Die Pyrolyse- und Verbrennungsversuche führten zwar zur Entlaminierung der PV Module, allerdings wurde in allen Experimenten hierzu das PV-Glas kontaminiert und/oder zerbrochen. Letztendlich konnte durch eine Kombination aus zwei chemischen und zwei mechanischen Schritten eine effektive Entlaminierung erreicht werden. Zunächst wird hierbei in einem 1. Schritt die Rückseite der Module einer mechanischen Vorbehandlung unterzogen, bei der die Oberfläche der Rückseitenfolie nach einem bestimmten Muster gefräst wird. Diese Vorbehandlung ermöglicht einen homogenen Angriff des Lösungsmittels im 2. Prozessschritt, um die EVA-Verkapselung bei Raumtemperatur anzulösen. Dabei verbleiben die PV-Module für 3 Tage in einem Tauchbad.

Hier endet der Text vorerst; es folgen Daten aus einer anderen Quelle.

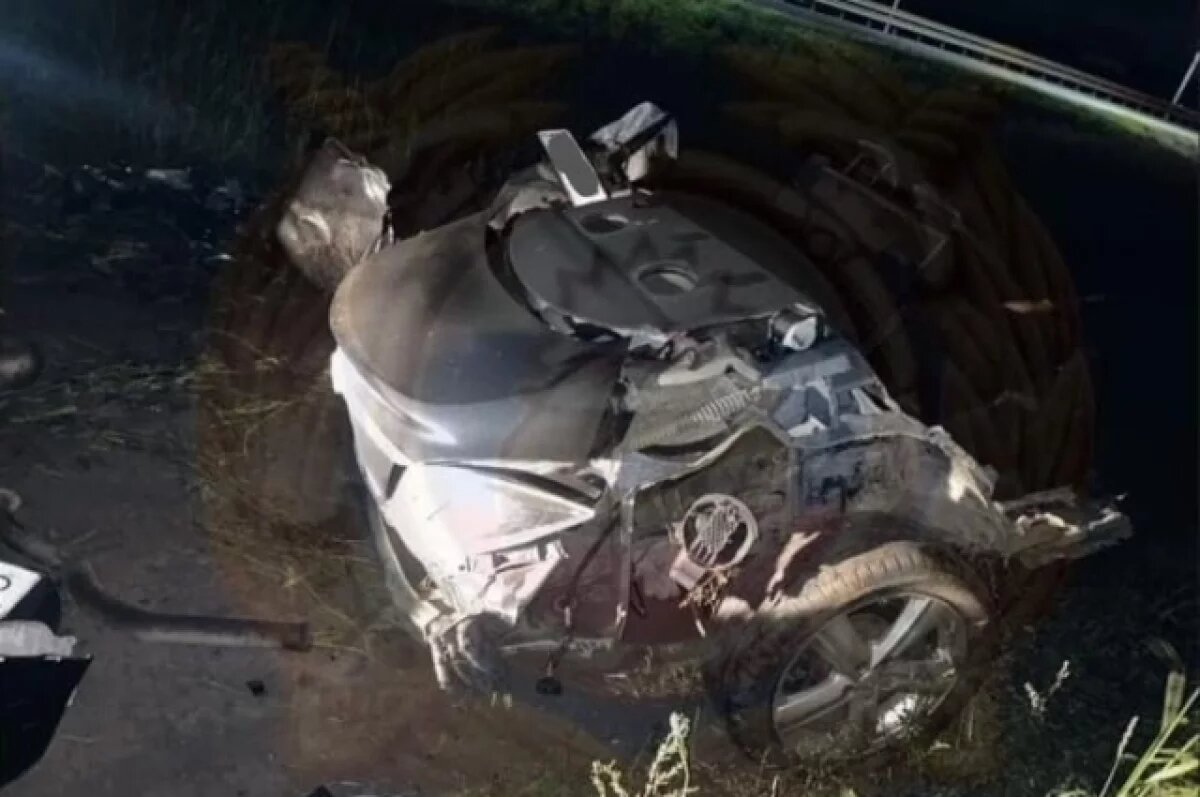    В Тукаевском районе в результате ДТП погибла девочка-пассажир 2024 года рождения.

Nach Reinigung und Trocknung mit Isopropanol im 3. Schritt werden die Module mit einem Drahtschneider im 4. Schritt bei Raumtemperatur mechanisch komplett entlaminiert.
Ergebnisse und Diskussion
Der abschließend entwickelte ReGCell-Prozess enthält die vier oben beschriebenen Schritte. Am Ende wird die Solarglasscheibe intakt erhalten, ohne dass seine Qualität (z. B. Zusammensetzung und Transparenz) beeinträchtigt wird. Das Silizium sowie die elektrischen Kontakte (vorwiegend Silber) verbleiben im EVA eingekapselt. Eine Recherche hat ergeben, dass dieses Nebenprodukt in der Pyrometallurgie für verschiedene Zwecke verwendet werden kann. In einer noch laufenden Studienarbeit werden außerdem zwei Methoden (thermisch und chemisch) getestet, aus diesem EVA/Si/Ag Laminat das Silizium und das Silber zurückzugewinnen. Die Wiedergewinnung intakter Si-Zellen kann mit dem beschriebenen ReGCell-Verfahren nicht erreicht werden, da die Zellen während der Entlaminierung durch ein Aufquellen des Laminats brechen. Aber zumindest reines gebrochenes Silizium und Silber sollte wiedergewinnbar sein.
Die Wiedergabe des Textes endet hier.